Newsweek (Richard Wolffe) "Mad Man" McCain didn't just need a game-changing moment at the debate; the Arizona senator, known in Washington for his sharp temper, needed a character-changing moment… Whatever happens in the next two weeks, the McCain campaign should be happy there are no more presidential debates.

Boston Globe (Todd Domke) "Good, but not good enough": John McCain needed to turn this third debate into a second chance. He needed to persuade undecided voters to look at him in a new, positive way and to look at Barack Obama in a new, negative way. He needed to change the dynamic of the contest because, ever since the economic crisis struck, Obama has had the advantages in message, momentum, money, and media…But it wasn't the dramatic breakthrough he needed, so, in effect, he lost.

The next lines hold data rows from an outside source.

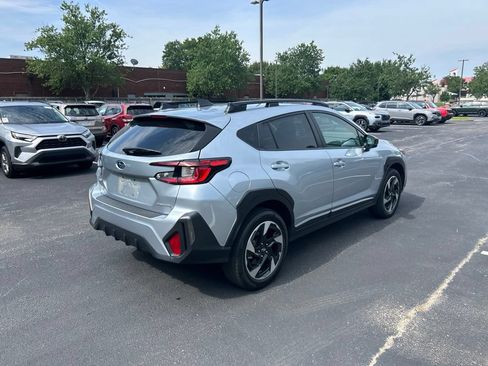 Used 2024 Subaru Crosstrek 2.5i Limited AWD/4WD image 4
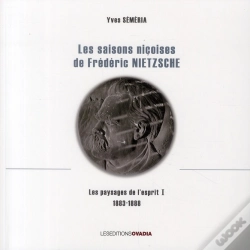 Capa do artigo Les Saisons Nicoises De Friedrich Nietzsche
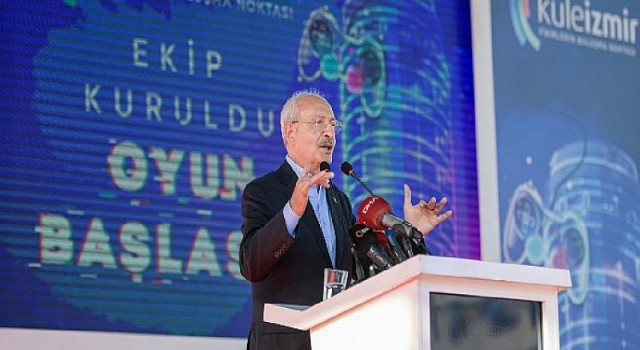 Kılıçdaroğlu: “Türkiye’yi değiştiren siz gençler olacaksınız”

The Hill (Sam Youngman) "Debate sees an aggressive McCain and a cool Obama:" With less than three weeks before Election Day, Sen. McCain (Ariz.) had promised to go after Obama more forcefully in their last meeting, and he did just that, accusing the Illinois senator of lying, wanting to raise taxes and associating with unscrupulous people and organizations. The Democrat, however, knowing that McCain needed a knockout blow, seemed to take McCain's best punches, explaining himself when warranted and focusing on the ongoing financial crisis and domestic policy at other times.

Politico (John F. Harris and Jim VandeHei) "Debate III: Edgy McCain sheds no new light": John McCain's challenge at the final debate was to present his case for the presidency in a new light. But over 90 minutes of intense exchanges with Barack Obama—sometimes compelling, often awkward—-there was very little new light, and no obvious reason for McCain to be optimistic that he has turned his troubled campaign in a new direction. To the contrary, what McCain offered at Hofstra University was simply a more intense, more glaring version of his campaign in familiar light —- an edgy, even angry performance that in many ways seemed like a metaphor for his unfocused, wildly improvisational campaign.

Politico (Roger Simon) "McCain fails, Obama is not rattled" John McCain needed a miracle in his final debate with Barack Obama on Wednesday night, a miracle that would wipe away McCain's deficit in the polls and re-energize his flagging campaign. He did not get one.